Friday, 27 November, 2009 , 16:15
The founder of the outlawed Kurdistan Workers' Party (PKK) had been the sole inmate of a high-security prison on Imrali island until Turkey transferred five other prisoners there about 10 days ago.
Ocalan was also transferred to a smaller cell.
The pro-Kurdish Firat News agency reported that the 61-year-old had told his lawyers that his breathing had been affected.
"I can't breathe here any more because of the ventilation, I suffer from breathing problems. My condition is worse than before," he was quoted as saying.
"I don't know how long I can stay in these conditions which make me feel like a man who is half dead and half alive," he said.
The new inmates were brought to the prison in the Sea of Marmara, northwestern Turkey, after Council of Europe criticism that Ankara was violating Ocalan's human rights by keeping him in solitary confinement.
They are all convicted members of the PKK, media reports said.
Ocalan had been the sole prisoner on the island there since 1999.
According to Turkish law, Ocalan can mix with the new prisoners during a weekly 10 hours of communal activities.

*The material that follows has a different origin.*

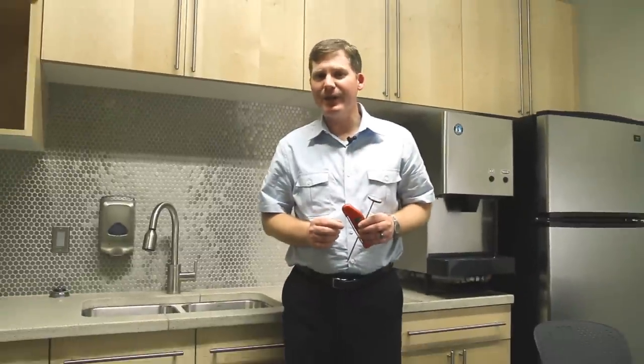Hi everyone, Tim here in the Thermal Works kitchen to talk to you today about cooking thermometer calibration and how to create a proper ice bath.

Ocalan, founder and leader of the PKK, was condemned to death for treason and separatism in 1999.
The sentence was commuted to life imprisonment in 2001 following Turkey's abolition of capital punishment as part of reforms to embrace European Union norms.
The PKK is listed as a terrorist group by Turkey and much of the international community. It took up arms in Turkey's mainly Kurdish southeast in 1984, sparking a conflict that has claimed about 45,000 lives.